#### EXCERPTED RECORDS:
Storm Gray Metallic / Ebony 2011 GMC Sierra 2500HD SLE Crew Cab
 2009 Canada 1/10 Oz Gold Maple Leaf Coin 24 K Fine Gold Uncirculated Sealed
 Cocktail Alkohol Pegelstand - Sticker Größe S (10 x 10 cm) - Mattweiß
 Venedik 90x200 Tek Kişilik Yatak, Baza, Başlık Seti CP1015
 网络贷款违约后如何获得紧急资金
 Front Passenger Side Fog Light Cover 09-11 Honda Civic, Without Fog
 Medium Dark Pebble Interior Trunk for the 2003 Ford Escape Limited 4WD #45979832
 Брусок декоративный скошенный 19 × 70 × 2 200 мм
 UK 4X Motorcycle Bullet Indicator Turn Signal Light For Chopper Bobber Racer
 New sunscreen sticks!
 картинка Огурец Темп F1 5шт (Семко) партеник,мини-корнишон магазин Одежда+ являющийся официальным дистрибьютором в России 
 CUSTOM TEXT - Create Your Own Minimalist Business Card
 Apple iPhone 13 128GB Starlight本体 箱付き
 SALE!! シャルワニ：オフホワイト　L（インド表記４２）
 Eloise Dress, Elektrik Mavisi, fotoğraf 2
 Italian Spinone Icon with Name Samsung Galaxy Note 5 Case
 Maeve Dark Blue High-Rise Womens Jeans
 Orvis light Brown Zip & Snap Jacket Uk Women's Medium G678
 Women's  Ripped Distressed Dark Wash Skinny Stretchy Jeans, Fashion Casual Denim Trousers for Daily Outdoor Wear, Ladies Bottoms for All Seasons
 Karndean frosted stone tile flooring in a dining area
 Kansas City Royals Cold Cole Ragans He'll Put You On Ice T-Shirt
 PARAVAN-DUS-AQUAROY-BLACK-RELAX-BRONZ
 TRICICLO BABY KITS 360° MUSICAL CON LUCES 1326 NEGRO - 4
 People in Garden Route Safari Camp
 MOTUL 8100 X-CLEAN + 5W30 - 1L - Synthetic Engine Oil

#### TASK PROMPT:
Every line above that holds the word "Jeans" needs to be copied.

#### WRITTEN SOLUTION:
 Maeve Dark Blue High-Rise Womens Jeans
 Women's  Ripped Distressed Dark Wash Skinny Stretchy Jeans, Fashion Casual Denim Trousers for Daily Outdoor Wear, Ladies Bottoms for All Seasons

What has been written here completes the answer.